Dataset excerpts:
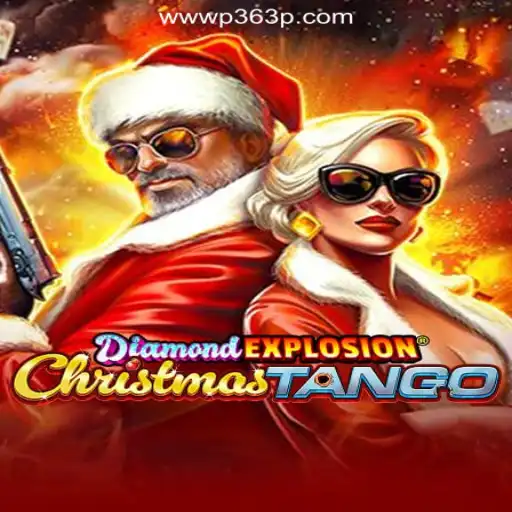 Explore the Thrilling World of DiamondExplosionTango on the P363P.COM Platform-Oficial Slots Brasil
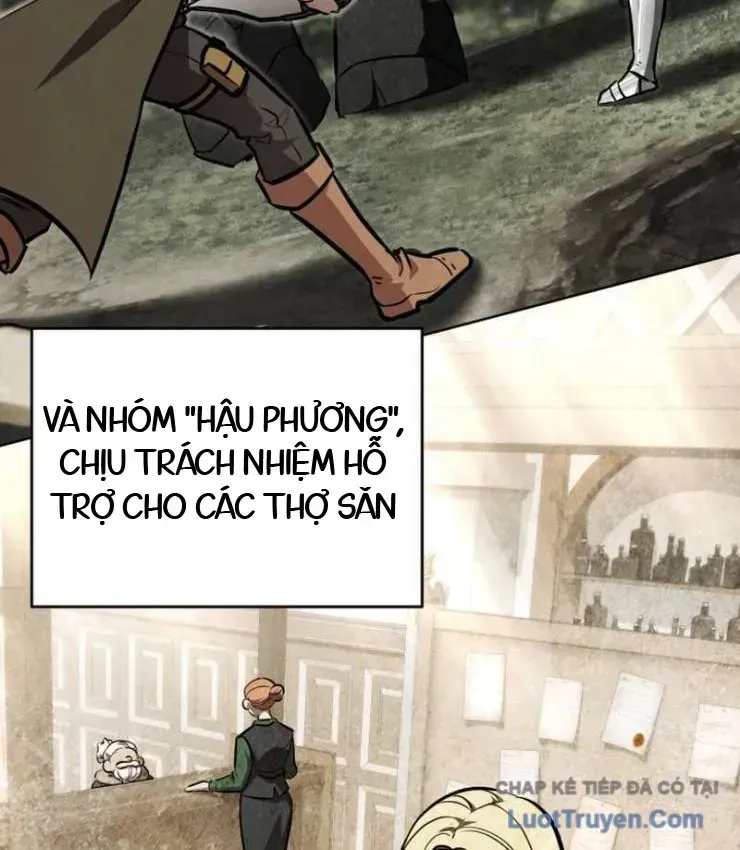 Hành Trình Vác Gậy Chạy Bốn Phương Tám Hướng Chap 28 - Next Chap 29
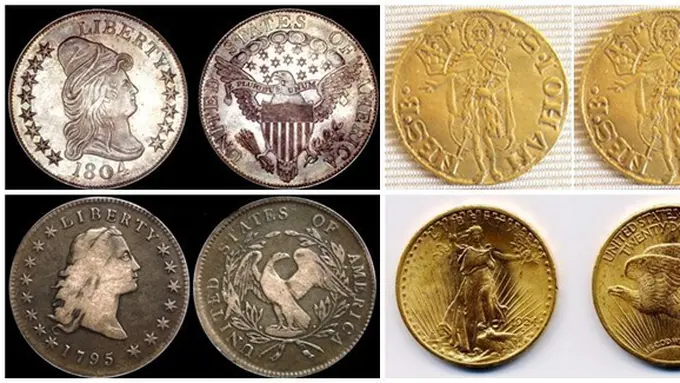 Foto : copyright oddstuffmagazine.com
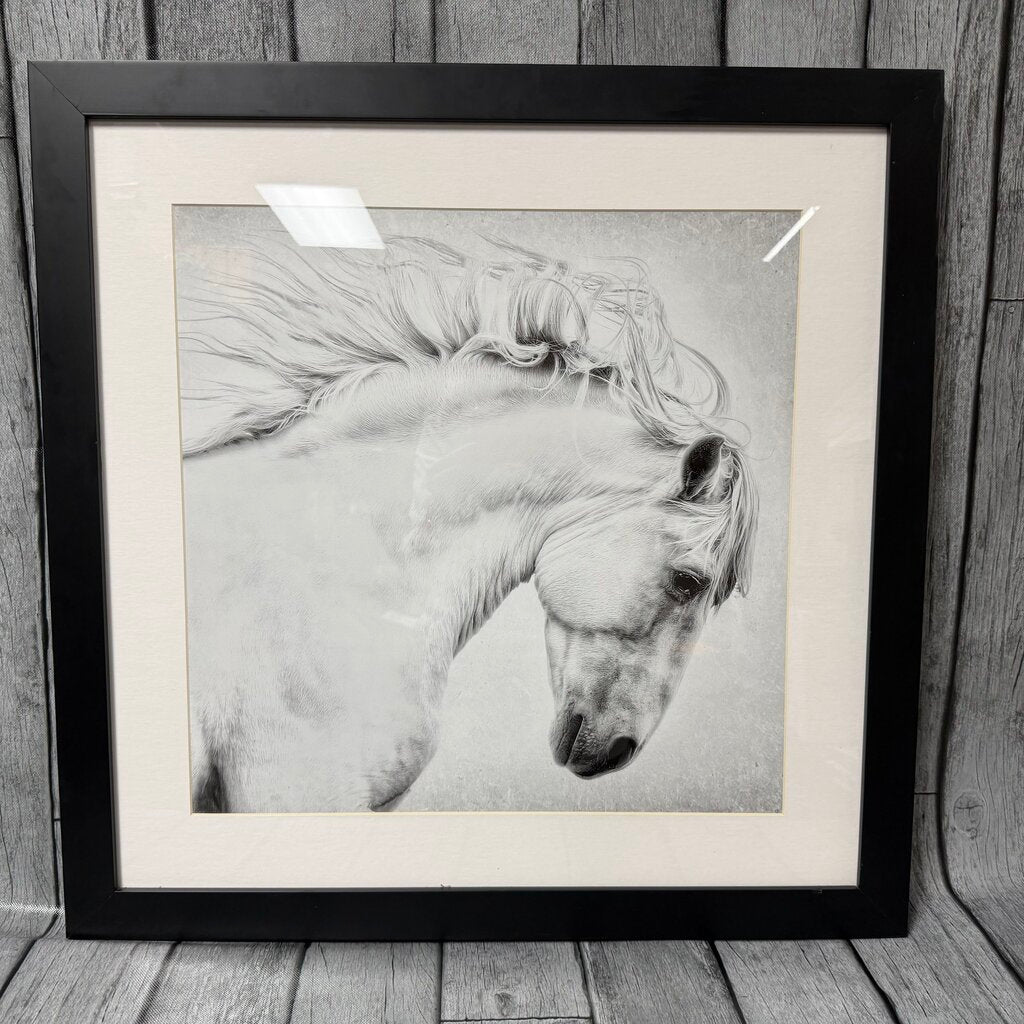 Horse Print
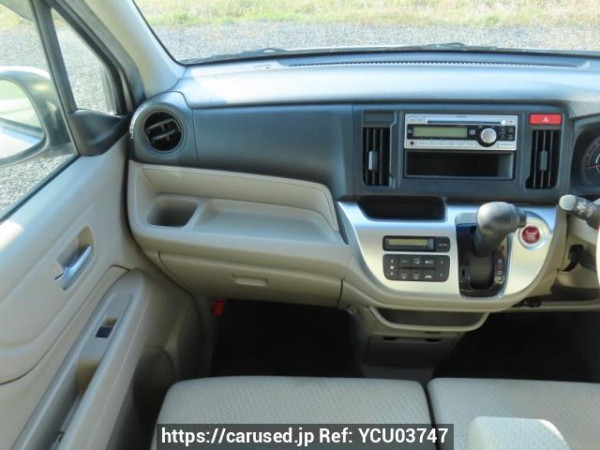 Used 2014 AT honda n-wgn JH1 Image[20]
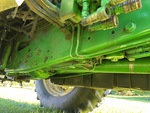 Drivetrain with 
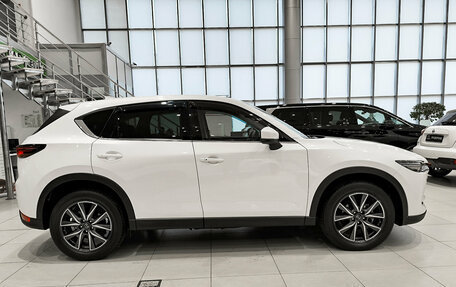 Mazda CX-5 II, 2018 год, 2 680 000 рублей, 8 фотография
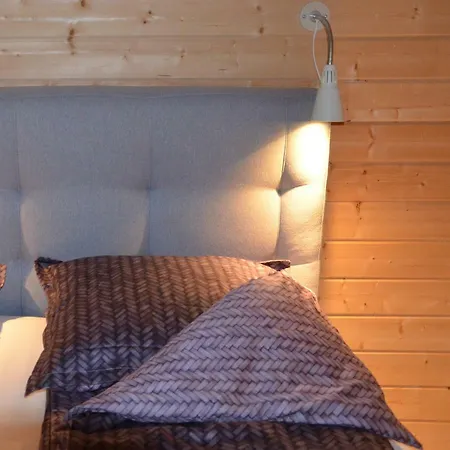 Brakkerhus 3*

**Directions:** In the copy, include all records verbatim but no images.

**Answer to this problem:**
 Explore the Thrilling World of DiamondExplosionTango on the P363P.COM Platform-Oficial Slots Brasil
 Hành Trình Vác Gậy Chạy Bốn Phương Tám Hướng Chap 28 - Next Chap 29
 Foto : copyright oddstuffmagazine.com
 Horse Print
 Used 2014 AT honda n-wgn JH1 Image[20]
 Drivetrain with 
 Mazda CX-5 II, 2018 год, 2 680 000 рублей, 8 фотография
 Brakkerhus 3*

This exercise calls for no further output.